◆ Your goal ◆
Would you transcribe the line containing "Obraz premium mango leaves isolated" and every line after it, through the end of the records below, exactly and with nothing else?

-- Recorded information follows --

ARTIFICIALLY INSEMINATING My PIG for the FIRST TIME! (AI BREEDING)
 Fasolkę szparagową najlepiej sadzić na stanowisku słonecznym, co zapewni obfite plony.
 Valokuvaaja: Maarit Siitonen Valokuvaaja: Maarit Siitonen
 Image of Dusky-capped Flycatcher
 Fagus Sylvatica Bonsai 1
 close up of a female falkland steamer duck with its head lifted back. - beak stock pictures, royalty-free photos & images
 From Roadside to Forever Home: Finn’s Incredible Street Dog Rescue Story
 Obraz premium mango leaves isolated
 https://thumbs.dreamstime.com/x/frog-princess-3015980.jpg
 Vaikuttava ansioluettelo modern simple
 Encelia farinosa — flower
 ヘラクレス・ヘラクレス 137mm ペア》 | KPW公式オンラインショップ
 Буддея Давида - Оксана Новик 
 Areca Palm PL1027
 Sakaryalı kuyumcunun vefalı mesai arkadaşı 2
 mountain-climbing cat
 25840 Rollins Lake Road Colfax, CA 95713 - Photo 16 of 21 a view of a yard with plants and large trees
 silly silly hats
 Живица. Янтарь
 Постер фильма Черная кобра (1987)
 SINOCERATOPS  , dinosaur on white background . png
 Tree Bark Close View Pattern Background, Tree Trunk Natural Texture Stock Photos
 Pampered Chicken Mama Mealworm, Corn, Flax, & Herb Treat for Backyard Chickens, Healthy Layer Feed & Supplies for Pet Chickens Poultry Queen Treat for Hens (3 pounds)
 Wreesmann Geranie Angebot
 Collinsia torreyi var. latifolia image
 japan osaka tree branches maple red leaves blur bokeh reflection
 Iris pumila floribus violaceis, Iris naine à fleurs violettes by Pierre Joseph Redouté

-- Recorded information concluded --

◆ Response below ◆
 Obraz premium mango leaves isolated
 https://thumbs.dreamstime.com/x/frog-princess-3015980.jpg
 Vaikuttava ansioluettelo modern simple
 Encelia farinosa — flower
 ヘラクレス・ヘラクレス 137mm ペア》 | KPW公式オンラインショップ
 Буддея Давида - Оксана Новик 
 Areca Palm PL1027
 Sakaryalı kuyumcunun vefalı mesai arkadaşı 2
 mountain-climbing cat
 25840 Rollins Lake Road Colfax, CA 95713 - Photo 16 of 21 a view of a yard with plants and large trees
 silly silly hats
 Живица. Янтарь
 Постер фильма Черная кобра (1987)
 SINOCERATOPS  , dinosaur on white background . png
 Tree Bark Close View Pattern Background, Tree Trunk Natural Texture Stock Photos
 Pampered Chicken Mama Mealworm, Corn, Flax, & Herb Treat for Backyard Chickens, Healthy Layer Feed & Supplies for Pet Chickens Poultry Queen Treat for Hens (3 pounds)
 Wreesmann Geranie Angebot
 Collinsia torreyi var. latifolia image
 japan osaka tree branches maple red leaves blur bokeh reflection
 Iris pumila floribus violaceis, Iris naine à fleurs violettes by Pierre Joseph Redouté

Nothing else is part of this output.